EXERCISE DETAILS: Return, word for word, only the lines of the data below that lie between the line with "Multifunction 8 In" and the line with "Tarjeta De Pareja", those two lines included.

START DATA FOR PROCESSING

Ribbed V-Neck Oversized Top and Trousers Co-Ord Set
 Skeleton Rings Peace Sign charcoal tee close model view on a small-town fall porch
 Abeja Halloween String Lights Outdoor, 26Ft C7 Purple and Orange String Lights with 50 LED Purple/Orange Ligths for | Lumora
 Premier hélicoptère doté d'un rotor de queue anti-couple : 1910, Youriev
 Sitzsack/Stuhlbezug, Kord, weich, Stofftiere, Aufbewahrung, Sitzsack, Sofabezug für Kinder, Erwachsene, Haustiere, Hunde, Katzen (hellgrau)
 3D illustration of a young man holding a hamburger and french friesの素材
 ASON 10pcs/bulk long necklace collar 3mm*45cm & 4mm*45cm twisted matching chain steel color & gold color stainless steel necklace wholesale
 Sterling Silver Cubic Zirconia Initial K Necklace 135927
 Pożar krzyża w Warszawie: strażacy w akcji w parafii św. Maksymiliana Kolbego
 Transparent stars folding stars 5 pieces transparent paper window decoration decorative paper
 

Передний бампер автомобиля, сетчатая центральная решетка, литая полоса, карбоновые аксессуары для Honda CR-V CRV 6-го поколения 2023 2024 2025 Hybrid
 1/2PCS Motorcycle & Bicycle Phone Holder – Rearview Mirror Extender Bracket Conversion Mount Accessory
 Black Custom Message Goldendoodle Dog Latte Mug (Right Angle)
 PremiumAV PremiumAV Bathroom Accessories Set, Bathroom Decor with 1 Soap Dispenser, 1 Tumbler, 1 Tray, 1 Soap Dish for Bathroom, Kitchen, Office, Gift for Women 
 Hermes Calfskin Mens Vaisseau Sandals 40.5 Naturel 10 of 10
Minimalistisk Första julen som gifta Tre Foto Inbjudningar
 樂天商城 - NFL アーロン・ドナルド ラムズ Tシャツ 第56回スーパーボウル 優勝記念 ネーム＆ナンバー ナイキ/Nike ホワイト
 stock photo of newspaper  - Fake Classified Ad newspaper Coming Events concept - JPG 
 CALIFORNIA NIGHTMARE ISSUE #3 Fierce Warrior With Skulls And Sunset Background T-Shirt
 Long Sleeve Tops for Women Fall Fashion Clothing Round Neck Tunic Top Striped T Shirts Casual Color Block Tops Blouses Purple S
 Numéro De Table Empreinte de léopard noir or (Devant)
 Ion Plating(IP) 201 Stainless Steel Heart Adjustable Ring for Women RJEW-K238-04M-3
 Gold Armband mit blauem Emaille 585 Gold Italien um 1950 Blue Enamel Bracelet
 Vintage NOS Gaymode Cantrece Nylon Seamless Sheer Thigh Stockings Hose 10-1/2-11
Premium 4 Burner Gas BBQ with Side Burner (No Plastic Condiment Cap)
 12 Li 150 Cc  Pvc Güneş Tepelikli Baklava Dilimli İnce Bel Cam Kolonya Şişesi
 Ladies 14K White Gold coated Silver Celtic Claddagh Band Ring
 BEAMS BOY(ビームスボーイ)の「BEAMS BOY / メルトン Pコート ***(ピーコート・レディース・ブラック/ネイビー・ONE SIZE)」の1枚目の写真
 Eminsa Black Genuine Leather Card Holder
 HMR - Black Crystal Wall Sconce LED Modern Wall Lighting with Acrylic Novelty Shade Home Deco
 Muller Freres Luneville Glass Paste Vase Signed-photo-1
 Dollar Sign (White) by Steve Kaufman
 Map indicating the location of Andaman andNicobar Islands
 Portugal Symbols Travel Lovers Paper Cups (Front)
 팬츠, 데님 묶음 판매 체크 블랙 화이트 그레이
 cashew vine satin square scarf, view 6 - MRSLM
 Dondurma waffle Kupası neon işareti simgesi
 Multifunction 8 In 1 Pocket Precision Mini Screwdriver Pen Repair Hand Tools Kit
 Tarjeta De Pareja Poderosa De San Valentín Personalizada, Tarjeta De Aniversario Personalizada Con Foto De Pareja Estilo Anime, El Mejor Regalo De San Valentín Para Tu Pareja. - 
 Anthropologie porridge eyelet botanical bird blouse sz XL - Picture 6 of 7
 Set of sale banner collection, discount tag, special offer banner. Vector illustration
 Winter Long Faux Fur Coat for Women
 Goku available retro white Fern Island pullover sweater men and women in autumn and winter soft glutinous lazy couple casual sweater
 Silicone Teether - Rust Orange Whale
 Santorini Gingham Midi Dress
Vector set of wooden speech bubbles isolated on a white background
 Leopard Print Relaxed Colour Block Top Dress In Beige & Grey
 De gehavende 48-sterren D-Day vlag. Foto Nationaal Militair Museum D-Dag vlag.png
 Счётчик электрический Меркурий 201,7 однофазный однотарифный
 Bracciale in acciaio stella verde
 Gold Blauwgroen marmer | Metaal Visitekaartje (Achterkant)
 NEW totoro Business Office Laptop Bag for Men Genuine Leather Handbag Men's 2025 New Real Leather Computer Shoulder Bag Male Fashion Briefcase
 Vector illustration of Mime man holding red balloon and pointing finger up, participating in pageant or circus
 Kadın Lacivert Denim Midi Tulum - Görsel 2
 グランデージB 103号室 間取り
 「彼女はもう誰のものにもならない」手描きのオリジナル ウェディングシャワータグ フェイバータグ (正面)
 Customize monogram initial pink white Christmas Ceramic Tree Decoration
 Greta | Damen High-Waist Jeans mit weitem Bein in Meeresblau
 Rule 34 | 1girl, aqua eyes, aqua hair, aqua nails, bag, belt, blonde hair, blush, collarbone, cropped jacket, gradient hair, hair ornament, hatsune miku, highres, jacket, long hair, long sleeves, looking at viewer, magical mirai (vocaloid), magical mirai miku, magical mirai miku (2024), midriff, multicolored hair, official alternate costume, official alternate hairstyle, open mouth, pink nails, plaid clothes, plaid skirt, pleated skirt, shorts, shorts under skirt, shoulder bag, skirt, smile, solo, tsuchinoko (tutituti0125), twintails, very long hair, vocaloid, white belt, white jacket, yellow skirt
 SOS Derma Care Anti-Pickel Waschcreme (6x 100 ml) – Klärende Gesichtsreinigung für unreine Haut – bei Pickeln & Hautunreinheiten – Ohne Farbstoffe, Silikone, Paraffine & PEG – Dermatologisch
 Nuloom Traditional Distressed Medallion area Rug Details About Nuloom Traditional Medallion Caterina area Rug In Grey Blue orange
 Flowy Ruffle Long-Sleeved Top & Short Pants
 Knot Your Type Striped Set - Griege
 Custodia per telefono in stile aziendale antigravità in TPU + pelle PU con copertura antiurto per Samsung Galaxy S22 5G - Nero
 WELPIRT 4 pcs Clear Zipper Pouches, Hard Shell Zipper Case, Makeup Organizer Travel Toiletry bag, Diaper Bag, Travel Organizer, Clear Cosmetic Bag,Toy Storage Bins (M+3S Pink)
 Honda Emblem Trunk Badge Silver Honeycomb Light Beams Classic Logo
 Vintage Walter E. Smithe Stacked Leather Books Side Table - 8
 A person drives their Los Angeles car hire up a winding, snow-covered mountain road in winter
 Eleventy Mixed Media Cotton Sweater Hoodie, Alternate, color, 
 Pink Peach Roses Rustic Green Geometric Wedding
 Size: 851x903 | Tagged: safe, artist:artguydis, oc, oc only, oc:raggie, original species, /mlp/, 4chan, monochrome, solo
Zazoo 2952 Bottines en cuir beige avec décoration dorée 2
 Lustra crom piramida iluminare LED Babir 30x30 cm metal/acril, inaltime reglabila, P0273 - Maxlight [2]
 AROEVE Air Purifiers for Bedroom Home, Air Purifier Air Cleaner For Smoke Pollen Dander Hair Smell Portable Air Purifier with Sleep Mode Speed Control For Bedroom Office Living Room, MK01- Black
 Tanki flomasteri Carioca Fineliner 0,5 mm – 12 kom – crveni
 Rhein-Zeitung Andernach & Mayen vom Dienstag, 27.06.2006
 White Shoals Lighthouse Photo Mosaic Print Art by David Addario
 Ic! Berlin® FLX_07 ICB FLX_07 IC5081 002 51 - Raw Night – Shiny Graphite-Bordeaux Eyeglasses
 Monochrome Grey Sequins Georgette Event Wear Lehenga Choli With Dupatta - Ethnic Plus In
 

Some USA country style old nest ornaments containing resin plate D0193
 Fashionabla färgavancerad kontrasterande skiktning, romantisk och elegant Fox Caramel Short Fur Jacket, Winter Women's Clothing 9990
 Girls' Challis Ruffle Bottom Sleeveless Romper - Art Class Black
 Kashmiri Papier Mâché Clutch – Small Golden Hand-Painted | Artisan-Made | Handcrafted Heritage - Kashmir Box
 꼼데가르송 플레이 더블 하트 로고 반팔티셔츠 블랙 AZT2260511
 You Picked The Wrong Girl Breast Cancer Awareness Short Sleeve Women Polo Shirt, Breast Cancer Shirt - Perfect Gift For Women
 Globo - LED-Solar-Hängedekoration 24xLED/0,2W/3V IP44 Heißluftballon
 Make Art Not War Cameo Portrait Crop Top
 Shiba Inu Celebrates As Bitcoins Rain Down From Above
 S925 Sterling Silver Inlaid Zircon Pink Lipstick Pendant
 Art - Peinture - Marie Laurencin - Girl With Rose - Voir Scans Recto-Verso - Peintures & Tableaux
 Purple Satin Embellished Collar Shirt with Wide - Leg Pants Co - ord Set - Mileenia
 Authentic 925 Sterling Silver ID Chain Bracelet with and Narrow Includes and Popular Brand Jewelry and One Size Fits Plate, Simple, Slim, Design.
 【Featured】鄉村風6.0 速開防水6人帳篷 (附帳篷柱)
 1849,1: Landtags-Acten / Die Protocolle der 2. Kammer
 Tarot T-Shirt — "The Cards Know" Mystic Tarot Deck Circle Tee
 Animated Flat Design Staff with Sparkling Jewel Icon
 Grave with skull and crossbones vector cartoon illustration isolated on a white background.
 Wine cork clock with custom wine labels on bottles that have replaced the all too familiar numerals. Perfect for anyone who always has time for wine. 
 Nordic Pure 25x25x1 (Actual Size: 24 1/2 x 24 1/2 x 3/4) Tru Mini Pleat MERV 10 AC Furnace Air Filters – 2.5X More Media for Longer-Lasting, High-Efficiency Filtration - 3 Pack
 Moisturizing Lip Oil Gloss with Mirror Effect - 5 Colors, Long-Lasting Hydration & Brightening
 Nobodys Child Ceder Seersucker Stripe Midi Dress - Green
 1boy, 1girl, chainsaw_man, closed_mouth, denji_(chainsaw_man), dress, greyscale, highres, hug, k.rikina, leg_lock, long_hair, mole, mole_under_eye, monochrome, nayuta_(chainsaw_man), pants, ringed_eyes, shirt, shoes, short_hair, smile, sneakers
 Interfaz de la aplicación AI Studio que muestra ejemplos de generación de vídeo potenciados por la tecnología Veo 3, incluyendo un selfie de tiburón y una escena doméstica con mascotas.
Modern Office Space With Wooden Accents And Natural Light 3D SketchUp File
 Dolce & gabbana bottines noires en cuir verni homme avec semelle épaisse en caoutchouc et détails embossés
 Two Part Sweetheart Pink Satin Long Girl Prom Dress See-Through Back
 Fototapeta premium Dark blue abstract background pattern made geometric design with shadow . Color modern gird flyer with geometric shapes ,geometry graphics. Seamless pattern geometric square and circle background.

END DATA FOR PROCESSING

OUTPUT FOR THIS TASK:
 Multifunction 8 In 1 Pocket Precision Mini Screwdriver Pen Repair Hand Tools Kit
 Tarjeta De Pareja Poderosa De San Valentín Personalizada, Tarjeta De Aniversario Personalizada Con Foto De Pareja Estilo Anime, El Mejor Regalo De San Valentín Para Tu Pareja. - 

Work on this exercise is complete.